Multi-purpose red sauce (freezable!)
This is perfect for tomatoes that are extra ripe. Using a tomato knife (or any serrated knife), cut an “X” at the end of each tomato, opposite the stem-end. Drop into boiling water for five minutes. Remove and cool. Starting at the X, peel off tomato skins and remove stem. At this point, you can freeze the tomatoes and their juice for later use. Or, for a versatile pasta or pizza sauce, puree and cook down with fresh minced garlic, dried oregano, and salt and pepper.
Shingled on fresh fish
Baton Rouge Chef Peter Sclafani of Ruffino’s Restaurant has a terrific formula for planked fish topped with pesto and fresh tomatoes and finished with balsamic reduction. The tomatoes are sliced and “shingled” on the top of the fish, which ensures the fish stays moist as it’s cooking over charcoal. This works beautifully with redfish, salmon, grouper and flounder.

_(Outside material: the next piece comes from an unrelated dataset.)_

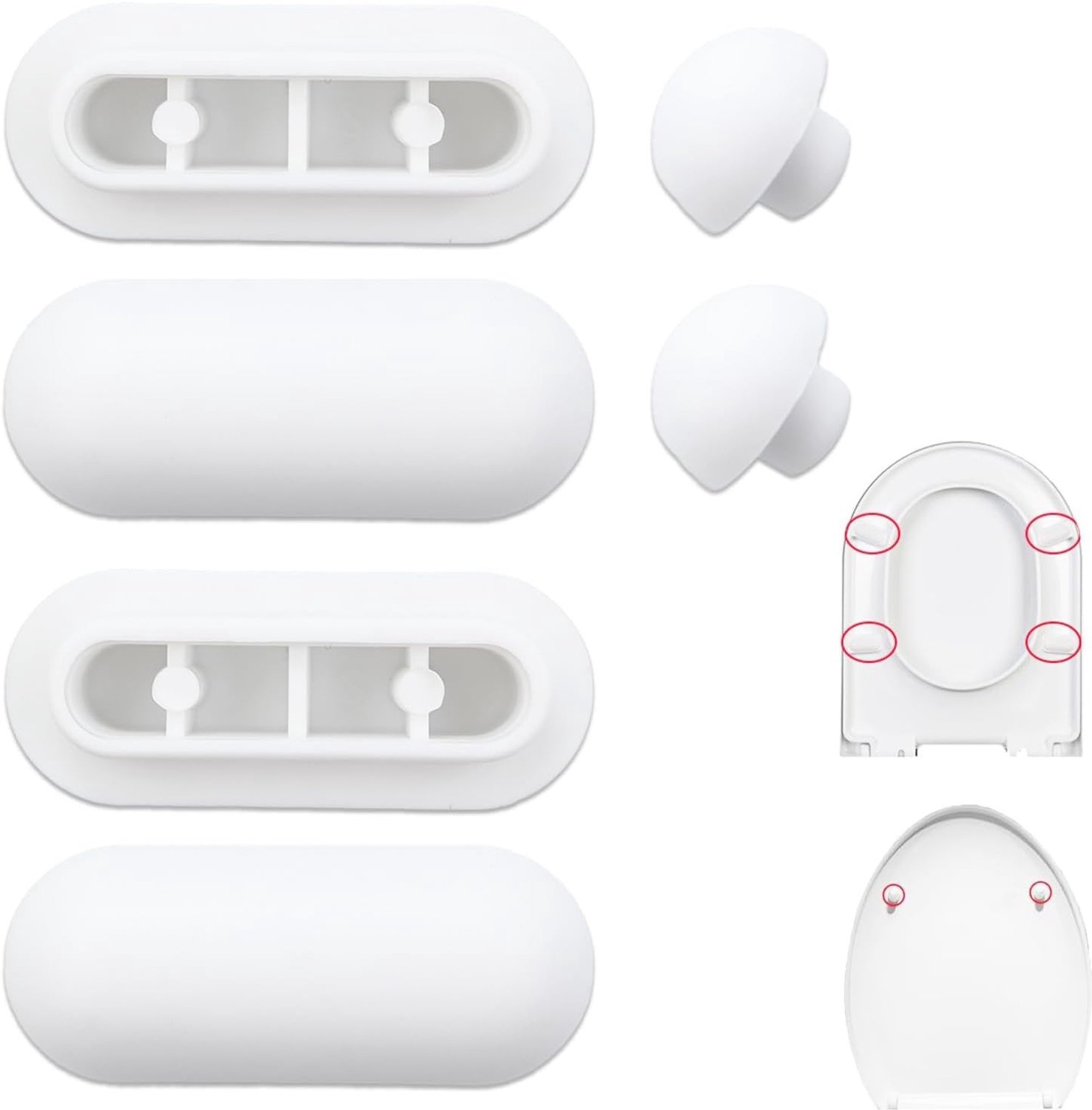Set van 6 Witte Toiletbril Stoppers voor Thuis, Kantoor en Hotel - Duurzaam en Antislip Accessoire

Tomatoes are the perfect delivery device for serving something else, whether it’s creamy chicken salad or something hot, like creamed spinach. (In Baton Rouge, creamed spinach would be the River Road Recipe’s classic, spinach Madeline). One of my favorite stuffed tomato recipes combines sautéed julienned yellow squash and zucchini with cream and Gruyère. The squash mixture is stuffed inside a hollowed out tomato then baked for 20 minutes at 350 with breadcrumbs on top.